Literature has developed clear and definite ideals of the spiritual beauty of a person who devotes himself entirely to the common good, the good of the Russian land, the Russian state.

She created ideal characters of persistent Christian ascetics, valiant and courageous rulers, “good sufferers for the Russian land.” These literary characters complemented the folk ideal of man that emerged in epic oral poetry.

D. N. Mamin-Sibiryak spoke very well about the close connection between these two ideals in a letter to Ya. L. Barskov dated April 20, 1896: “It seems to me that the “heroes” serve as an excellent complement to the “hierarchs.” And here and there are representatives of their native land, behind them one can see that Rus', on whose guard they stood. Among the heroes, the predominant element is physical strength: they defend their homeland with broad chests, and that is why this “heroic outpost”, put forward on the battle line, in front of which wandered historical predators, is so good... The “Saints” show another side of Russian history, even more important as a moral stronghold and holy of holies of the future multi-million people. These chosen ones had a presentiment of the history of a great people...”

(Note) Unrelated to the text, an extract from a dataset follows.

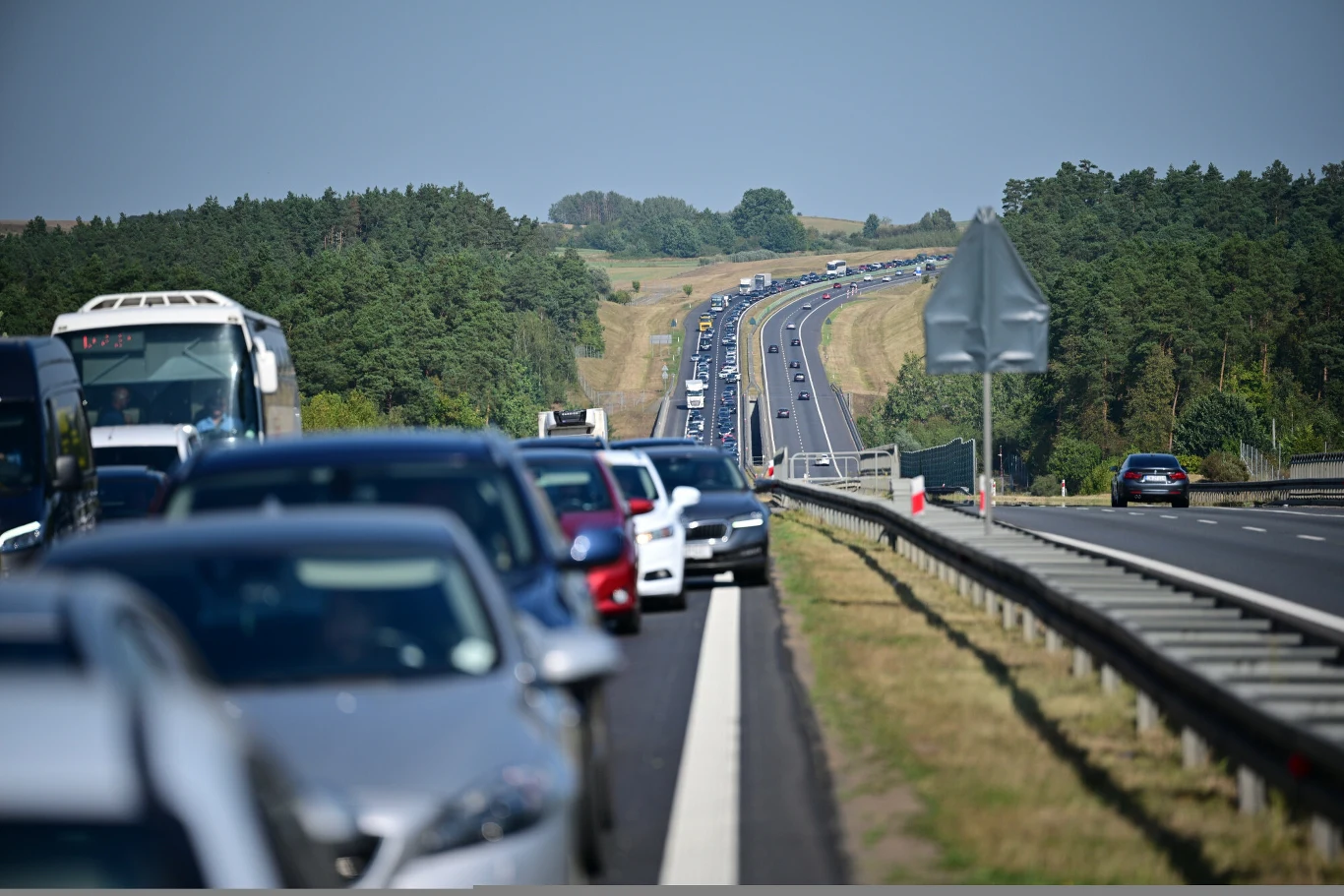 Według Reutersa, 16 grudnia UE ma ogłosić propozycje, które odsuną w czasie zakaz silników spalinowych po 2035 roku Długi korek na autostradzie otoczony zielenią, sznur samochodów stojących w obu kierunkach na dwupasmowej drodze, w oddali widoczny pagórkowaty krajobraz.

The focus of literature was on the historical destinies of the motherland and issues of state building. That's why epic historical topics and genres play a leading role in it.

Deep historicism in the medieval understanding determined the connection between our ancient literature with heroic folk epic, and also determined the features of the image of human character.

Old Russian writers gradually mastered the art of creating deep and versatile characters, the ability to correctly explain the reasons for human behavior.

From a static, still image of a person, our writers moved on to revealing the internal dynamics of feelings, to depicting various psychological states of a person, to identifying individual personality traits.

The latter became most clearly evident in the 17th century, when personality and literature began to free themselves from the undivided power of the church and, in connection with the general process of “secularization of culture,” the “secularization” of literature also occurred.

It led not only to the creation of fictional heroes, generalized and, to a certain extent, socially individualized characters.

This process led to the emergence of new types of literature - drama and lyrics, new genres - everyday, satirical, adventure stories.

The strengthening of the role of folklore in the development of literature contributed to its democratization and closer rapprochement with life. This affected the language of literature: the obsolete language was replaced by the end XVII century Old Slavic literary language There was a new living spoken language, which poured into the literature of the second half of the 17th century in a wide stream.

A characteristic feature of ancient literature is its inextricable connection with reality.

This connection gave our literature an extraordinary journalistic poignancy, an excited lyrical emotional pathos, which made it an important means of political education of contemporaries and which gives it the enduring significance that it has in subsequent centuries of the development of the Russian nation and Russian culture.